Moreover, in known AMI networks, the utility communicates with electricity meters that are coupled to the loads within the customer's premises. The electricity meters may facilitate communication between the utility and the loads, for example, by transmitting messages between the utility and the loads. Such communication may be via power line communication protocol or an internet protocol, such as a transmission control protocol, for example. However, such protocols and/or transmission mechanisms may be unsuitable for devices within a home area network or within portions of the AMI network that require low power consumption. Moreover, such protocols and/or transmission mechanisms may be unsuitable for devices positioned within a mesh network.

BRIEF DESCRIPTION OF THE INVENTION

In one embodiment, a device for use in transmitting a message is provided that includes a memory device including an application layer that includes a constrained application protocol and a processor coupled to the memory device. The processor is programmed to identify a message to be transmitted through a data link to at least one other device within a network, determine a quality of the data link, and determine a segment size based on the data link quality. The processor is also programmed to execute instructions within the application layer to form at least one message segment from the message such that a size of the at least one message segment is equal to the segment size. The device also includes a communication device configured to transmit the at least one message segment to the at least one other device.

In another embodiment, a communication system is provided that includes a first device and a second device coupled to the first device by a data link to form a network. The first device includes a memory device including an application layer that includes a constrained application protocol, and a processor coupled to the memory device. The processor is programmed to identify a message to be transmitted through the data link to the second device, determine a quality of the data link, and determine a segment size based on the data link quality. The processor is also programmed to execute instructions within the application layer to form at least one message segment from the message such that a size of the at least one message segment is equal to the segment size. The first device also includes a communication device configured to transmit the at least one message segment to the second device.

In yet another embodiment, a method for transmitting a message from a first device to a second device is provided. The method includes identifying a message to be transmitted from the first device to the second device through a data link, determining a quality of the data link, and determining a segment size based on the data link quality. The method also includes executing instructions within an application layer that includes a constrained application protocol to form at least one message segment from the message such that a size of the at least one message segment is equal to the segment size, and transmitting the at least one message segment to the second device.

BRIEF DESCRIPTION OF THE DRAWINGS

FIG. 1 is a block diagram of an exemplary communication system.

FIG. 2 is a block diagram of an exemplary device that may be used with the communication system shown in FIG. 1.

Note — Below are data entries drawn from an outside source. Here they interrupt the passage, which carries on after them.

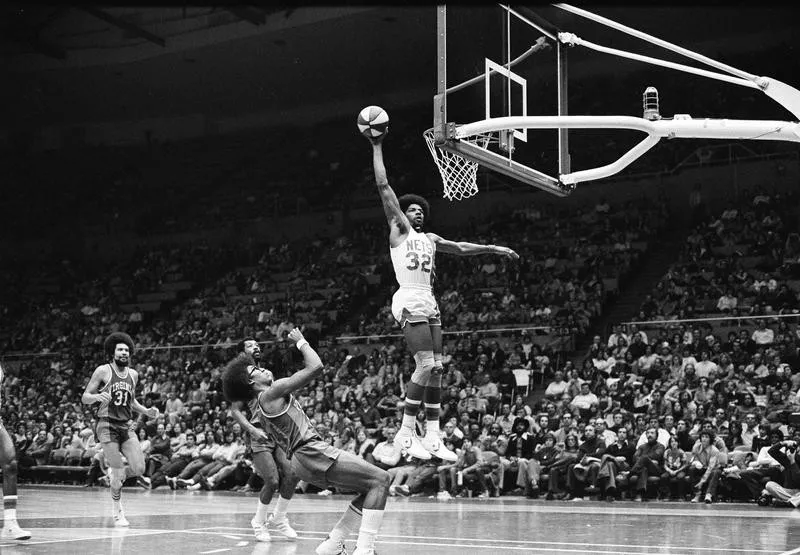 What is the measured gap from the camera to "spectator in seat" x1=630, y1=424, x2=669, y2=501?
1634 centimetres

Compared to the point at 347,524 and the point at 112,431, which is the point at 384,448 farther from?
the point at 347,524

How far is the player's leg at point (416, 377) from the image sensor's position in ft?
28.5

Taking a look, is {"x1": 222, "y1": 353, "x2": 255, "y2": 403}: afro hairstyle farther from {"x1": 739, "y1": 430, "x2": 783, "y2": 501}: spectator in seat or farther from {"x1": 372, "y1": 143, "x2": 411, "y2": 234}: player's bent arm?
{"x1": 739, "y1": 430, "x2": 783, "y2": 501}: spectator in seat

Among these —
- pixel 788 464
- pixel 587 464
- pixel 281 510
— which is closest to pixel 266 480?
pixel 281 510

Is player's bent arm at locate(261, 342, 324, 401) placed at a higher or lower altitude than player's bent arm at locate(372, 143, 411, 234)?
lower

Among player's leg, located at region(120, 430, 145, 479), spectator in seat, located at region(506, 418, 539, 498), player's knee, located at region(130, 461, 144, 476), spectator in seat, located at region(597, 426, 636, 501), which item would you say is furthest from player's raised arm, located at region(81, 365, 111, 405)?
spectator in seat, located at region(597, 426, 636, 501)

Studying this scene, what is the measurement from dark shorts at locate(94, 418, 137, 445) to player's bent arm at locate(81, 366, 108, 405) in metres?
0.34

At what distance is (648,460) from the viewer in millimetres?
16359

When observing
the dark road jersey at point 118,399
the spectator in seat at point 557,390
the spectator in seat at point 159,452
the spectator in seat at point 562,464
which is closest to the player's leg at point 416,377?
the dark road jersey at point 118,399

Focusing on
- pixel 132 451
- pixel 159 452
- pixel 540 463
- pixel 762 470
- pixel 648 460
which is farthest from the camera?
pixel 159 452

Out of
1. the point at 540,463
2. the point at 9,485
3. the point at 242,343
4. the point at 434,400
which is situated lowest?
the point at 540,463

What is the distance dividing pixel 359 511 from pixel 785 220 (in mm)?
18180

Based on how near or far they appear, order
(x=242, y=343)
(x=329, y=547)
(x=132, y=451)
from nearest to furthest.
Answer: (x=329, y=547), (x=242, y=343), (x=132, y=451)

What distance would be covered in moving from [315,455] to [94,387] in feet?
16.8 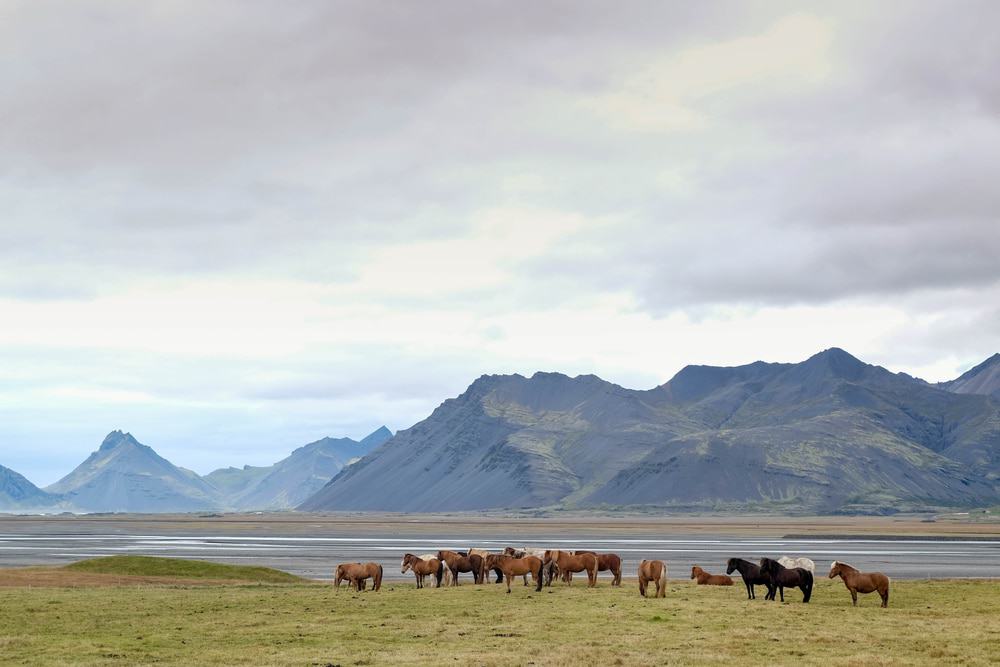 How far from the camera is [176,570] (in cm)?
6669

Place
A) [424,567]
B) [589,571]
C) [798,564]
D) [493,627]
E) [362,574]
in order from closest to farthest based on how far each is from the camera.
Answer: [493,627] → [798,564] → [362,574] → [589,571] → [424,567]

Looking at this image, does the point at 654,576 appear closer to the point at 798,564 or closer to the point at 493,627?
the point at 798,564

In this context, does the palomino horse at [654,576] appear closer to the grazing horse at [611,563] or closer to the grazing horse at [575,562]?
the grazing horse at [575,562]

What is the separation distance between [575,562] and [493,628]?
14.2 m

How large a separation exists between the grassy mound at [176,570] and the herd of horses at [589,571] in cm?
1650

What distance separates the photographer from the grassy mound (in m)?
65.1

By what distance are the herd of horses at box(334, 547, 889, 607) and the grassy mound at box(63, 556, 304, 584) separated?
16.5m

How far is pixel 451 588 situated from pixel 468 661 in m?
19.8

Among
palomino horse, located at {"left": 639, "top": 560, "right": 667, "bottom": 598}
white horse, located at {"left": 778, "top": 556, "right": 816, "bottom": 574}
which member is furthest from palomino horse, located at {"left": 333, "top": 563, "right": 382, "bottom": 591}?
white horse, located at {"left": 778, "top": 556, "right": 816, "bottom": 574}

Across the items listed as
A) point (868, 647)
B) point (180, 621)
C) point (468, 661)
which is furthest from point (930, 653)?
point (180, 621)

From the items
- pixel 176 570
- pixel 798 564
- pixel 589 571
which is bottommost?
pixel 176 570

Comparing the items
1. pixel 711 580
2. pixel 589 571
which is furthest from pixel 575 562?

FIG. 3 is a block diagram of an exemplary network protocol stack that may be used with the device shown in FIG. 2.

FIG. 4 is a block diagram of an exemplary message that may be transmitted using the network protocol stack shown in FIG. 3.

FIG. 5 is a flow diagram of an exemplary method for transmitting a message that may be used with the device shown in FIG. 2 and/or the network protocol stack shown in FIG. 3.

DETAILED DESCRIPTION OF THE INVENTION

FIG. 1 illustrates an exemplary communication system 100. In the exemplary embodiment, system 100 includes a plurality of devices 102 coupled together via a data link 104 to form a network 106. As shown in FIG. 1, for example, network 106 includes a first device 108, a second device 110, a third device 112, and a fourth device 114 that are coupled together via data link 104. While FIG. 1 illustrates four devices 102, it should be recognized that any number of devices 102 may be coupled together and/or included within network 106 to enable system 100 to function as described herein.

In the exemplary embodiment, network 106 is a mesh network 106 that enables data to be transmitted between devices 102 via a plurality of pathways, routes, and/or devices (not shown). As used herein, a “mesh network” is a network in which devices within the network may operate as a destination for data, an originator of data, and a repeater or relay of data to forward data from an originating device to a destination device. Alternatively, network 106 may be any other network that enables system 100 to function as described herein. Moreover, in the exemplary embodiment, network 106 is part of an advanced metering infrastructure (AMI) network 116. In the exemplary embodiment, AMI network 116 includes at least one computer 118 that transmits data to, and/or receives data from, a plurality of power systems and/or devices, such as devices 102. Additionally or alternatively, network 106 is a home area network (HAN) 106 that includes a plurality of devices 102 positioned within a residence or another building or location.

In the exemplary embodiment, computer 118 includes at least one processor that controls and/or monitors an operation of AMI network 116. The processor includes any suitable programmable circuit including one or more systems and microcontrollers, microprocessors, reduced instruction set circuits (RISC), application specific integrated circuits (ASIC), programmable logic circuits (PLC), field programmable gate arrays (FPGA), and any other circuit capable of executing the functions described herein. The above examples are exemplary only, and thus are not intended to limit in any way the definition and/or meaning of the term “processor.”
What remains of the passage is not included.